39 PATERNOSTER ROW, LONDON
NEW YORK
AND
BOMBAY
1901
CONTENTS.
CHAPTER I.豆腐和鸡蛋
GENERAL REMARKS . . . . . . . . 1
CHAPTER II
WHAT UTILITARIANISM IS . . . . . . . 8
CHAPTER III.
OF THE ULTIMATE SANCTION OF THE PRINCIPLE OF UTILITY 39 CHAPTER IV.
OF WHAT SORT OF PROOF THE PRINCIPLE OF UTILITY IS SUSCEPTIBLE . . . . . . . . 52
CHAPTER V.
OF THE CONNEXION BETWEEN JUSTICE AND UTILITY . . . 62
河北教育教师网官网Chapter 1
UTILITARIANISM.
CHAPTER I.
脾虚湿盛如何调理
GENERAL REMARKS.
THERE are few circumstances among tho which make up the prent condition of human knowledge, more unlike what might have been expected, or more significant of the backward state in which speculation on the most important subjects still lingers, than the little progress which has been
made in the decision of the controversy respecting the criterion of right and wrong.
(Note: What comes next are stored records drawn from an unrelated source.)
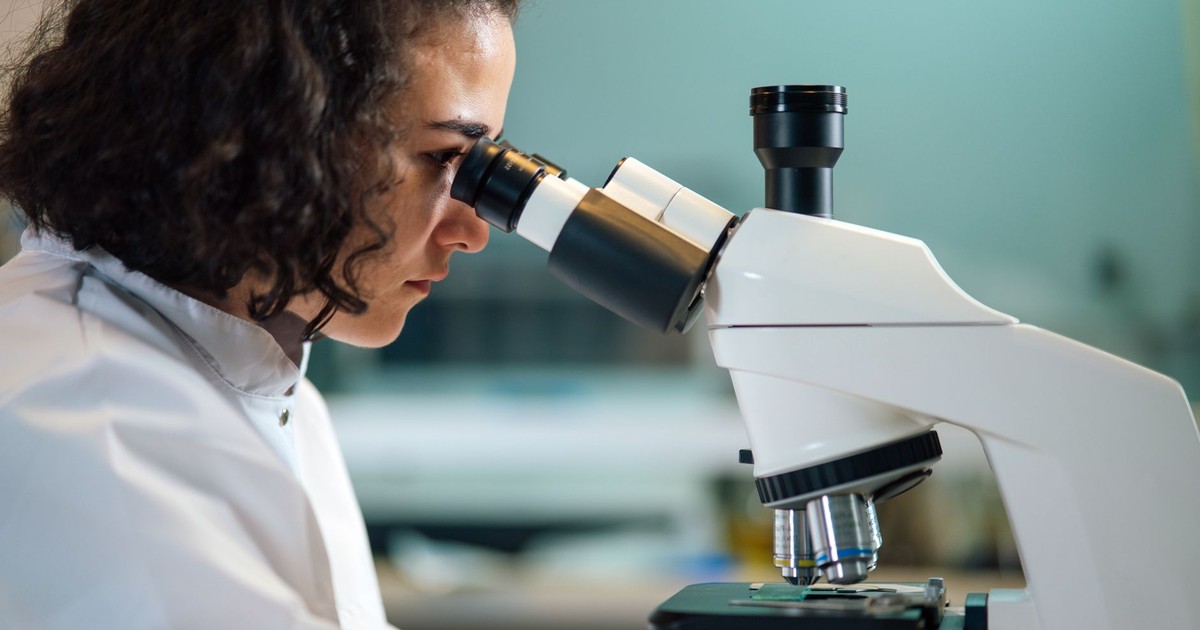 A Rare Alzheimer’s Mutation Just Revealed a Protein Fold Nobody Had Ever Seen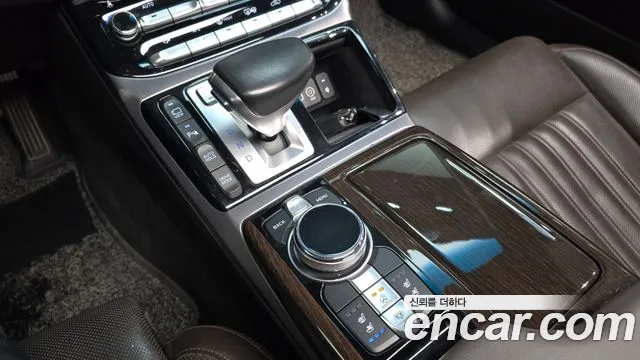 Genesis G90 2017 thumb 8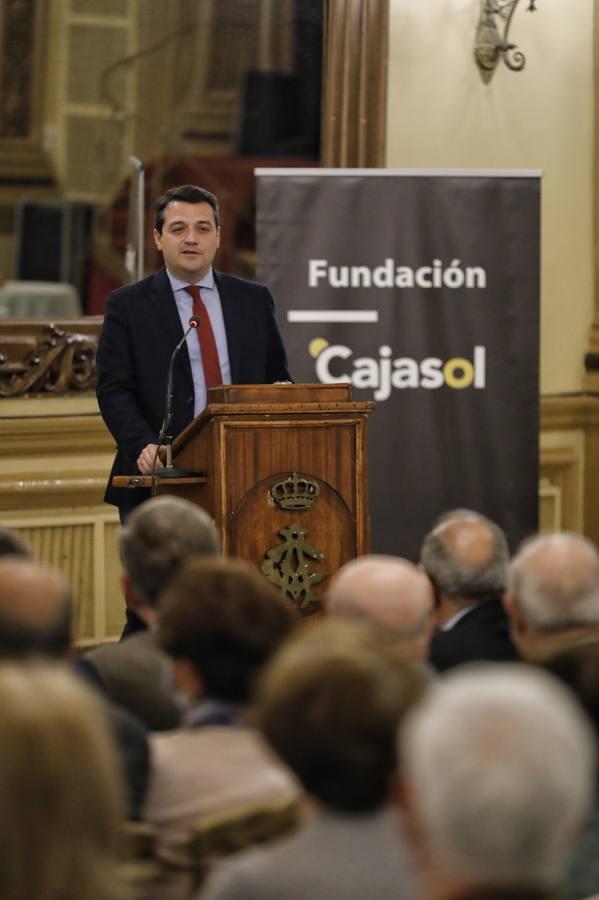 La conferencia del alcalde de Córdoba en el Foro Amador Jover, en imágenes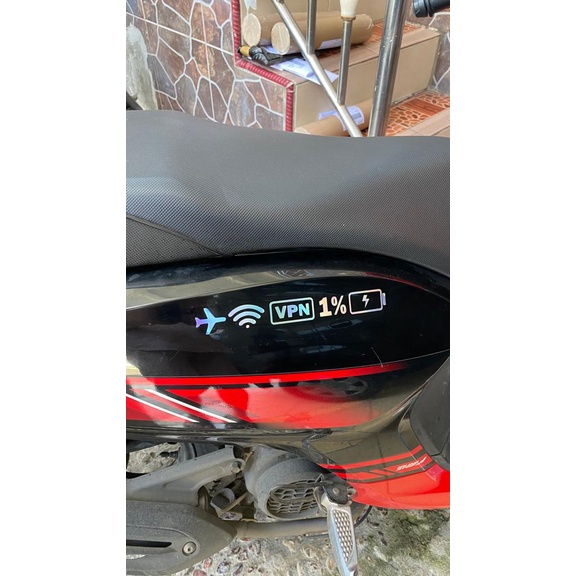 

Stiker Viral Airplane Mode VPN Sinyal Baterai 1% Hologram Motor Mobil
From the dawn of philosophy, the question concerning the summum bonum, or, what is the same thing, concerning the foundation of morality, has been accounted the main problem in speculative thought, has occupied the most gifted intellects, and divided them into cts and schools, carrying on a vigorous warfare against one another. And after more than two thousand years the same discussions continue, philosophers are still ranged under the same contending banners, and neither thinkers nor mankind at large em nearer to being unanimous on the subject, than when the youth Socrates listened to the old Protagoras, and asrted (if Plato's dialogue be grounded on a real conversation) the theory of utilitarianism against the popular morality of the so-called sophist.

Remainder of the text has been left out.